Historian, Composer, Pianist, Speaker, Author

Music History Monday: Johannes Ockeghem and the Oltremontani

We mark the death on February 6, 1497 – 526 years ago today – of the composer and singer Johannes Ockeghem, in Tours, France, at the age of 87 (or so).  He was born circa 1410 in the French-speaking city of Saint-Ghislain in what today is Belgium, about 5 miles from the border with France. 

Anonymous portrait believed to be that of Johannes Ockeghem (circa 1410-1497)
Anonymous portrait believed to be that of Johannes Ockeghem (circa 1410-1497)

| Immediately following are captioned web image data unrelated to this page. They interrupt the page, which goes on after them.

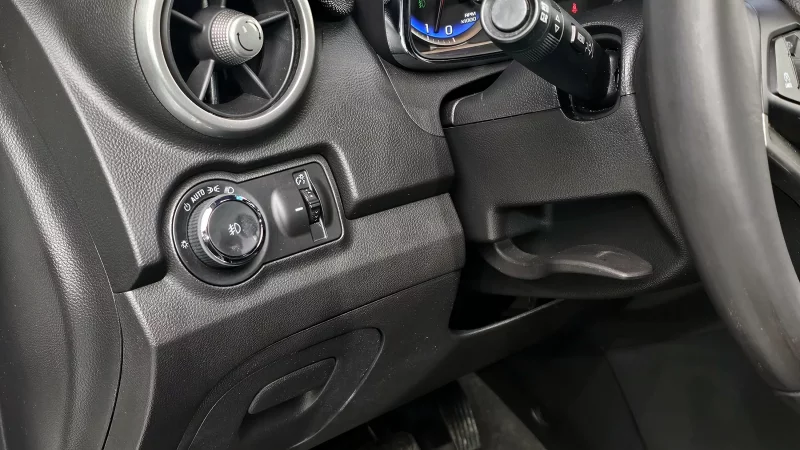 Daewoo Trax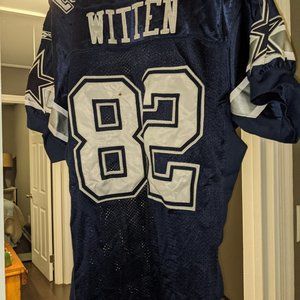 Jason Witten Official Jersey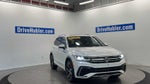 2022 Volkswagen Tiguan SEL R-Line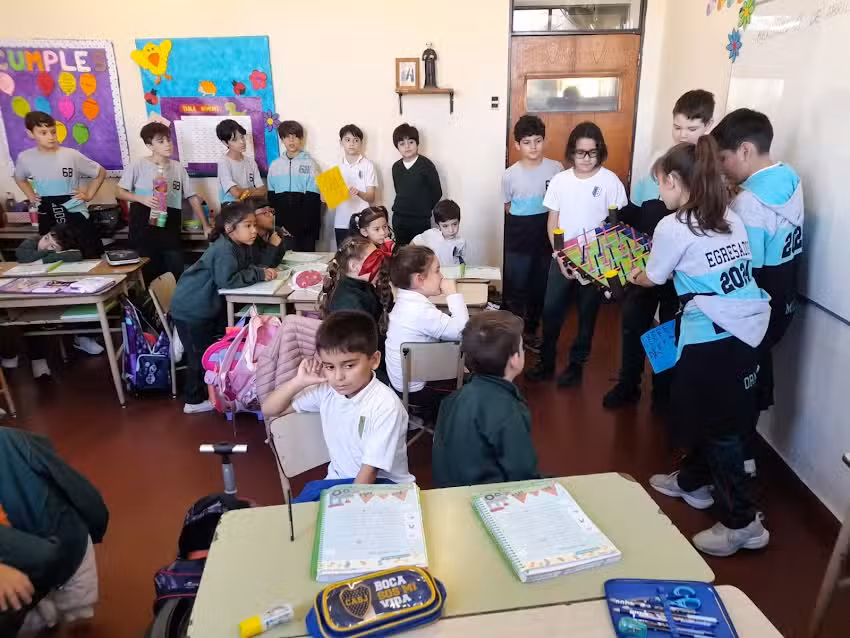 Instituto Santa Rosa de Lima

The title of this post – “Johannes Ockeghem and the Oltremontani” – employs a Italian word that may not be familiar to everybody: “Oltremontani.”  It’s a word that means, literally, “those from the other side of the mountains.”  The mountains in question are the alps, so in fact, generally, the word refers to people “from the other side of the alps”: from northern and northwestern Europe.  But when used in the fifteenth and sixteenth centuries, it meant something quite more specific than that: it referred to musicians from what today are northern France, Belgium, the Netherlands, and Luxemburg. 

Johannes Ockeghem was just such an oltremontano, having been born in Belgium close to the northern border of France.

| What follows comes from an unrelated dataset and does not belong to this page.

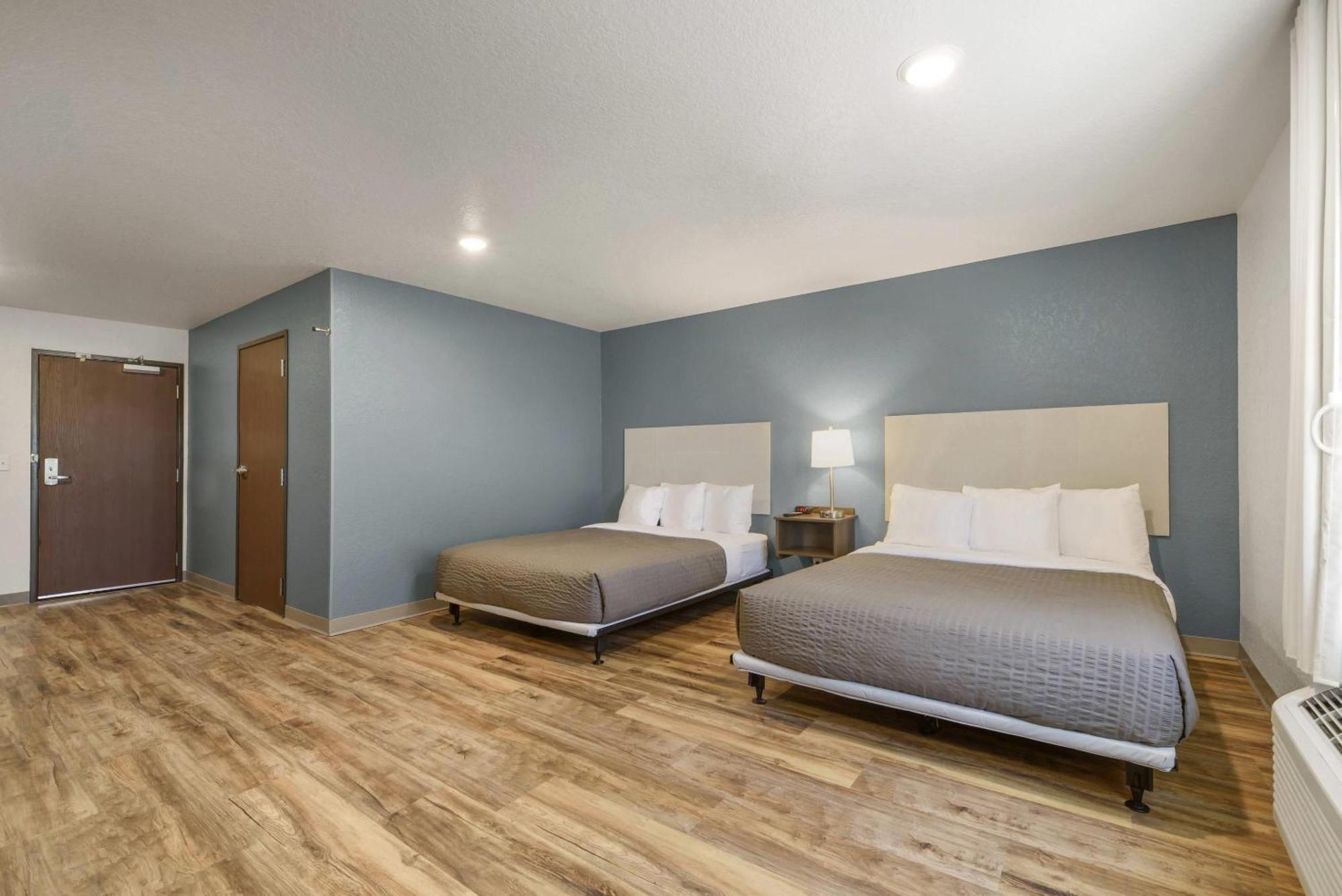 Woodspring I-4 & Convention Center Hotel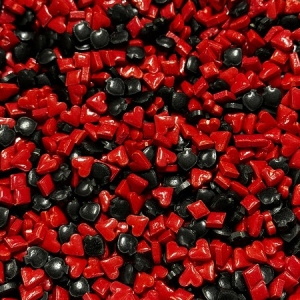 Poker Icon Mix (Thick) 5 ounce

Johannes Ockeghem (circa 1410-1497)

“Born circa 1410, died 1497.”  Back in the fifteenth century, if someone became famous – and at the time of his death, Johannes Ockeghem was famous across Europe – their death date was (and remains) common knowledge.  But for people born in the fifteenth century (and earlier), birth dates and early accounts of their lives before they became famous, well, that’s a different matter entirely.  Generally, we know next to nothing about the birth dates and early lives of ordinary people born in the fifteenth century and before, and that includes Johannes Ockeghem.  In fact, we’re not even sure how he spelled his name.  We use “Ockeghem” today because that spelling came from a document – now lost – in which he supposedly signed his name using that spelling.  But other spellings of his name include Ogkegum, Okchem, Hocquegam, and Ockegham.

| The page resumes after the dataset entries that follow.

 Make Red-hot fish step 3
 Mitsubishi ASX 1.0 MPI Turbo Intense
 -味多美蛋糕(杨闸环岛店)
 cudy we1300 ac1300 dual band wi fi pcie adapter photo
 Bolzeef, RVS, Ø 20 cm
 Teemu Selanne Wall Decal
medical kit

Here’s some stuff we do know.  

Johannes Ockeghem was considered by his contemporaries, as he is considered today, to be – along with Guillaume DuFay (circa 1397-1474), Antoine Busnois (circa 1430-1492), and Josquin Desprez (circa 1450-1521) – the greatest and most influential composer of the fifteenth century.  

(For those of us who may not be familiar with the names of the oltremontani Ockeghem, DuFay, Busnois, and Desprez, I would be so bold as to suggest that they were equivalent, in their time, to the Vienna-based quartet of Haydn, Mozart, Beethoven, and Schubert. 

In terms of these Renaissance composers’ talent and impact on the history of Western music, I am not exaggerating.)

For reason’s already explained, we know nothing about Ockeghem’s early life.  Like most composers of his time, he almost certainly started his musical life as a church chorister, likely in the city of Mons, a few miles east of his hometown of Saint-Ghislain.

The first documentary mention of Ockeghem’s activity as a musician date to June, 1443, when he is listed as being among the chanteurs – the singers – at the Church of Our Lady, in Antwerp. His initial fame was, indeed, as a singer: he was a basso and was reputed to have a rich, flexible, and unerringly accurate voice.  

He was described by the people that knew him, including the famed humanist Erasmus, as being:

“exceptionally engaging: honest, virtuous, kind, generous, charitable, and pious.” 

Ockeghem’s friend, the cleric Francesco Florio (1428-1484) described him this way in the 1470s:

“I am sure you could not dislike this man, so pleasing is the beauty of his person, so noteworthy the sobriety of his speech and of his morals, and his graciousness. He alone of all the singers is free from vice and abounding in all virtues.”

Okay: combine a brilliant singer and composer with physical beauty, a great attitude, and a long life and you have the prescription for success.